HCatalog in Hadoop

Hadoop Tutorial

2 min readDec 13, 2018

Overview

HCatalog is a metadata and table storage management tool for Hadoop that exposes the tabular data of Hive metastore to other Hadoop tools like Hive, Pig, MapReduce and Sqoop.

It also enables the users of other Hadoop tools to share data across tools.

Also, it ensures that users need not worry about where or in what format their data is stored.

HCatalog supports reading and writing files in any format for which a SerDe (serializer-deserializer) is required.

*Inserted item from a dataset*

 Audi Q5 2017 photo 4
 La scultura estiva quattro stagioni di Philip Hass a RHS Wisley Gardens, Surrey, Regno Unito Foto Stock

Primary Problems Solved by HCatalog

Problems

In Hadoop cluster people uses all kinds of different tools and those tools don’t tend to agree on:

What the schema is?
What data types are?
Where and how the data is stored?
Where in the file system the data lives?
What format the data is in?

HCatalog Solutions

Provides one consistent data model for various Hadoop tools
Provides a shared schema for all these tools
Allows users of the tools to see when each others shared data are available.
Presents data abstraction.

Key Benefits

If all Hadoop tools share one metastore then the users of each tool have immediate access to data created with another tool — no loading or transfer steps are required.

Required Improvements

Expansion of its data model to support structured and semi-structured data — currently based on Hive’s metastore which are being stored in relational database.

HCatalog Architecture

HCatalog is built on top of the Hive metastore and incorporates Hive’s DDL.

WebHCat

WebHCat is the REST API for HCatalog.